THE DATA
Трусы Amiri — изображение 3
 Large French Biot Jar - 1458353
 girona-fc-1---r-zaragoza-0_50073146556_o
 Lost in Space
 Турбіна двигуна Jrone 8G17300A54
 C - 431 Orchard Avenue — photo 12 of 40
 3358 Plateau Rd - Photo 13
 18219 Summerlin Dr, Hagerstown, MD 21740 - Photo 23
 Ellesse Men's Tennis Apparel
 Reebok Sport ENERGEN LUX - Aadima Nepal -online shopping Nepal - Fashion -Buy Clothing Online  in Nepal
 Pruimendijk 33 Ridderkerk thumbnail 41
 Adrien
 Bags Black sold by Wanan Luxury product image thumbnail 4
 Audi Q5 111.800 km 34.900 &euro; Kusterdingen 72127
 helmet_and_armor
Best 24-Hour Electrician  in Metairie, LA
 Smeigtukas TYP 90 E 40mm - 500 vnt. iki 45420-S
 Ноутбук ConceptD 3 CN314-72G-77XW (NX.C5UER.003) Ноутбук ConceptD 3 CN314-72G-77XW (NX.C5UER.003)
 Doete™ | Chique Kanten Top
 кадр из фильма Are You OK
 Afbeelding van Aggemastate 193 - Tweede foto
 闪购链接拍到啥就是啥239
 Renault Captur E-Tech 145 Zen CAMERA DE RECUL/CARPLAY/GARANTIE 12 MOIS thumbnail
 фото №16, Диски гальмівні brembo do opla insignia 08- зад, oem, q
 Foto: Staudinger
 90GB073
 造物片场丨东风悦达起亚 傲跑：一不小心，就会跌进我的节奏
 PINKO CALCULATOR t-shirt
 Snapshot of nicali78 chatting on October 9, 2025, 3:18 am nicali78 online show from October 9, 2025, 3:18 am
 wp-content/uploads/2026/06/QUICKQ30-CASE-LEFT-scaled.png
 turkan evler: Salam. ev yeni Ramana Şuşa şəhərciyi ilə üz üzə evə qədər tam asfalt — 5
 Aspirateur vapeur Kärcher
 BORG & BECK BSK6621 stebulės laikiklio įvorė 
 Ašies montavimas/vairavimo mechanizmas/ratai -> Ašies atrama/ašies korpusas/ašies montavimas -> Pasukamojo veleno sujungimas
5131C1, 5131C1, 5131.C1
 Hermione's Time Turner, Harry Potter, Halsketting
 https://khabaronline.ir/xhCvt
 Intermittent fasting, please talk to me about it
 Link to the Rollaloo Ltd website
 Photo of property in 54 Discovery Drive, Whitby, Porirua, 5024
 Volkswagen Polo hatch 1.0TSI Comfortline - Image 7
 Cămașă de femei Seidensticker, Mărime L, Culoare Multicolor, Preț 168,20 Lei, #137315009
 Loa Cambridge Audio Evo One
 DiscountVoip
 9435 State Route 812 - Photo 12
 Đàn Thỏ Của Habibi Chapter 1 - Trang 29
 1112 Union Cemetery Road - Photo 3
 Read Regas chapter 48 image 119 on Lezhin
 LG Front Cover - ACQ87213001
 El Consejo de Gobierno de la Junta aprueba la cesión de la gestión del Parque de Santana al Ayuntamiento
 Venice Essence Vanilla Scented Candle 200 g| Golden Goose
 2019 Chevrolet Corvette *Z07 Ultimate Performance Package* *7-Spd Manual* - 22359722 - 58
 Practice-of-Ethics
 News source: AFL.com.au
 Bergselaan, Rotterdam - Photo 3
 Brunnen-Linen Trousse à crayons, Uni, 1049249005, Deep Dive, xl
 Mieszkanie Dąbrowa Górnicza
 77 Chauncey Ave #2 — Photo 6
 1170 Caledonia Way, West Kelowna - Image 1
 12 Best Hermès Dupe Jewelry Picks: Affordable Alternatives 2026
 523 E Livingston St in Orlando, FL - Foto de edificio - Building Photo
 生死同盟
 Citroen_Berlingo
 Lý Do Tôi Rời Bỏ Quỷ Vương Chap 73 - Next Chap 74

TRY IT
The line with "9435 State Route 812 - Photo 12" marks where to start. Transcribe from there through the final line of the records, exactly and with nothing added.

TASK OUTPUT
 9435 State Route 812 - Photo 12
 Đàn Thỏ Của Habibi Chapter 1 - Trang 29
 1112 Union Cemetery Road - Photo 3
 Read Regas chapter 48 image 119 on Lezhin
 LG Front Cover - ACQ87213001
 El Consejo de Gobierno de la Junta aprueba la cesión de la gestión del Parque de Santana al Ayuntamiento
 Venice Essence Vanilla Scented Candle 200 g| Golden Goose
 2019 Chevrolet Corvette *Z07 Ultimate Performance Package* *7-Spd Manual* - 22359722 - 58
 Practice-of-Ethics
 News source: AFL.com.au
 Bergselaan, Rotterdam - Photo 3
 Brunnen-Linen Trousse à crayons, Uni, 1049249005, Deep Dive, xl
 Mieszkanie Dąbrowa Górnicza
 77 Chauncey Ave #2 — Photo 6
 1170 Caledonia Way, West Kelowna - Image 1
 12 Best Hermès Dupe Jewelry Picks: Affordable Alternatives 2026
 523 E Livingston St in Orlando, FL - Foto de edificio - Building Photo
 生死同盟
 Citroen_Berlingo
 Lý Do Tôi Rời Bỏ Quỷ Vương Chap 73 - Next Chap 74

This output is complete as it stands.